A religiosidade sempre foi muito presente na vida de Tia Ciata. Filha de Oxum, aos 16 anos já participou da fundação da Irmandade da Boa Morte, em Cachoeira, também uma cidade do recôncavo baiano. A irmandade continua até hoje graças à resistência das seguidoras. No candomblé, Hilária foi iniciada na casa do babalawo Bámgbósé Òbítíkò, da nação Ketu. Chegou ao Rio com uma filha quando tinha 22 anos e foi na cidade que se tornou Mãe-Pequena de João de Alabá, função que dá suporte ao líder do terreiro, também chamado de barracão. Na continuidade dos preceitos da religião, se tornou uma ialorixá, uma mãe de santo.

Na cidade, se casou com o funcionário público João Baptista da Silva e a família cresceu com mais 14 filhos. Morou em diversos endereços na região central do Rio, como a Pedra do Sal, ponto de referência na área conhecida como Pequena África; no Beco João Inácio; nas ruas da Alfândega, General Pedra e dos Cajueiros. Mas foi na casa da Rua Visconde de Itaúna que o encontro da cultura com a religião ficou mais forte. O casarão histórico não existe mais. Toda a área foi demolida para a construção da Avenida Presidente Vargas, uma das vias mais movimentadas da capital fluminense.

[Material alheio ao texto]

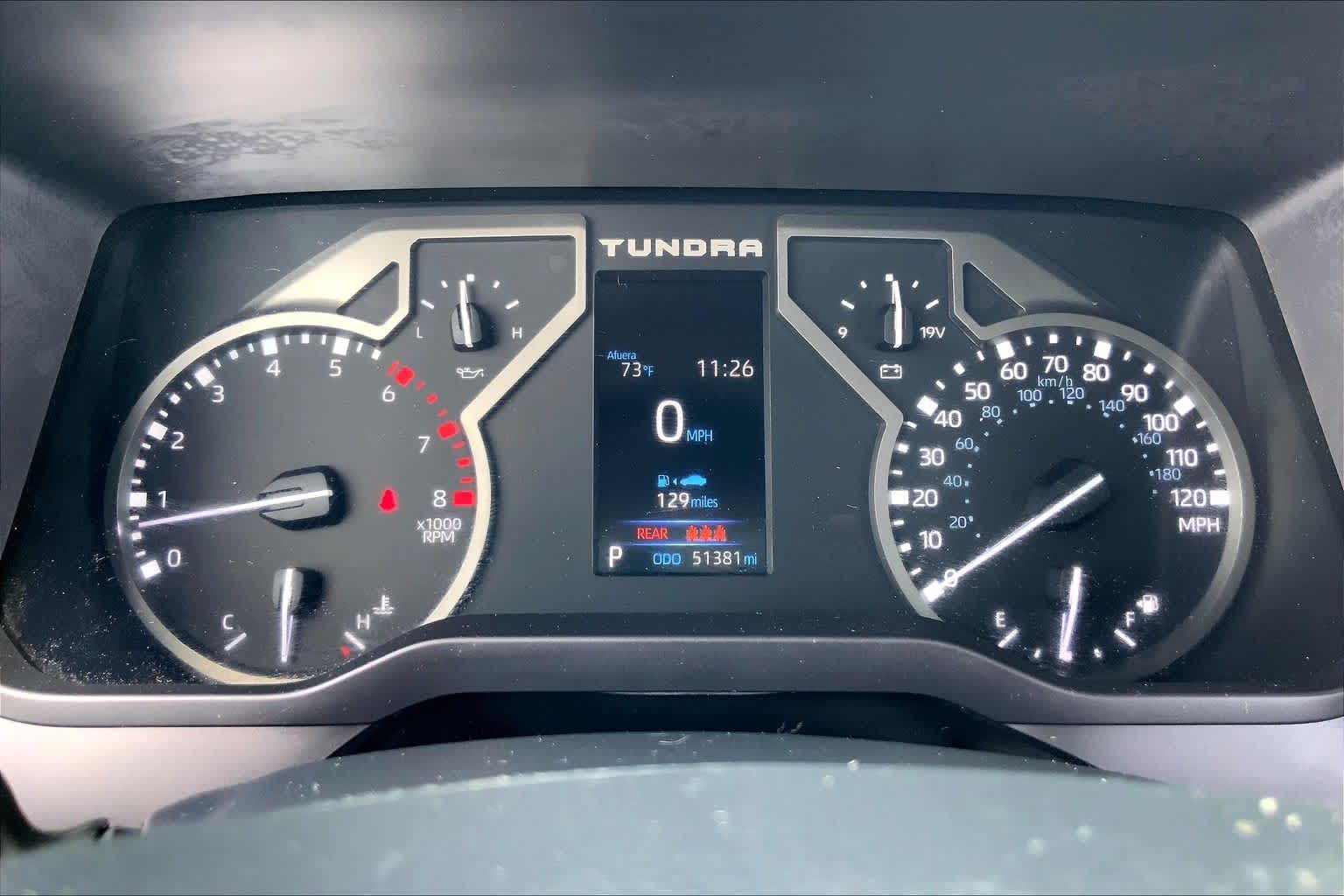 2023 Toyota Tundra SR5 Magnetic Gray Metallic at Group 1 GMC Buick South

Na casa da Rua da Alfândega, onde hoje é uma loja de roupas femininas, nasceu em 1909 o músico e compositor Bucy Moreira, neto de Tia Ciata e pai de Gracy Mary Moreira, a presidente da Casa Tia Ciata, um ponto de cultura na Rua Camerino, 5, que permite ao visitante conhecer a história desta importante personagem brasileira.

Entevista com Gracy Mary Moreira, bisneta de Tia Ciata e sambista, presidente do espaço cultural Casa da Tia Ciata – Fernando Frazão/Agência Brasil

“Eu vejo que a força da Tia Ciata está representada em vários locais. Não é só no samba, mas em outros lugares. A gente pode dizer que ela atuou também como assistente social. Independente das festas, onde tinha muita comida, ela oferecia comida para as pessoas que batiam a sua porta”, apontou a bisneta à reportagem da Agência Brasil, acrescentando que Tia Ciata ainda ajudava a localizar as famílias de negros que chegavam no porto do Rio.

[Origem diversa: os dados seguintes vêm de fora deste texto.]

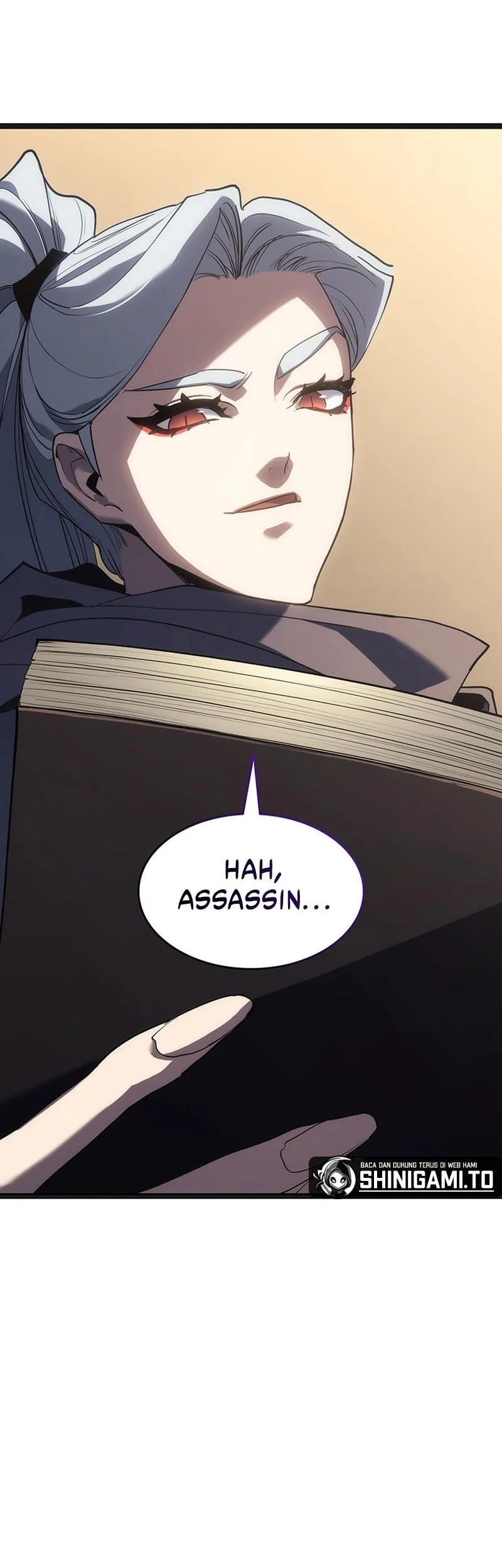 Grim Reaper of the Drifting Moon Chapter 119 - halaman 55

“Quando a gente fala dela, a gente fala na pluralidade e na diversidade que ela conseguiu colocar na casa dela. Com isso, Heitor dos Prazeres, vendo aquelas pessoas, os islâmicos, os judeus, ciganos descendentes de África, começou a dizer que a casa de Tia Ciata era a capital de uma África pequena que depois ficou como a Pequena África”, refletiu a bisneta.

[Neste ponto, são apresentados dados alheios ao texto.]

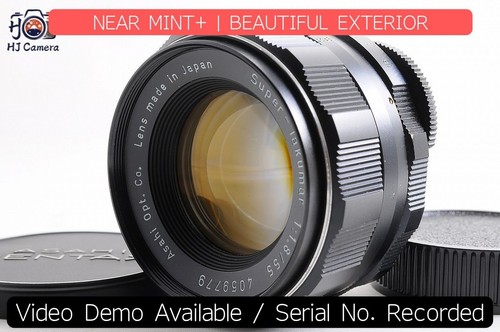 Near mint pentax super - mint+],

Gracy contou ainda que a bisavó tinha um meio de burlar a repressão policial que havia contra os sambistas. “A polícia batia na casa de Tia Ciata e ela tinha uma expertise de mudar o gênero musical. Dizia que ali não estava tocando samba e estava tocando choro, que não era proibido. Meu pai falava isso direto. Tia Ciata foi uma mulher plural e à frente do seu tempo”, contou.

Economia

Na visão de Helena Theodoro, Tia Ciata liderou um movimento econômico informal, que assegurou renda para mulheres quituteiras. Tudo começou quando, vestida de baiana, ela montou um tabuleiro no centro do Rio para vender acarajés e foi se juntando a outras mulheres que com o trabalho passaram a garantir a renda da família. O lugar é o Largo da Carioca, que a partir daquele momento começou a ser chamado também de Tabuleiro da Baiana. “O que traz com Tia Ciata é a independência econômica e cultural das mulheres pretas do Rio de Janeiro”, afirmou a professora.

“Ela consolidou realmente um espaço de empoderamento da mulher negra, um espaço de bom convívio”, pontuou Gracy.

Segundo Helena Theodoro, além dessa força, as mulheres passam a influenciar a política. Tia Ciata foi procurada por assessores do presidente Wenceslau Braz para ver se ela poderia curar uma ferida que ele tinha na perna e não fechava nunca. Ela foi ao Palácio do Catete, na época sede da presidência da República do Brasil.

“Depois de um jogo [de búzios para consulta aos orixás] ela fez uma infusão de ervas e foi ao Palácio do Catete. Ela banhou as pernas do presidente e falou que em três dias ia secar e ele ia ficar curado. E foi isso que aconteceu”, relatou Gracy.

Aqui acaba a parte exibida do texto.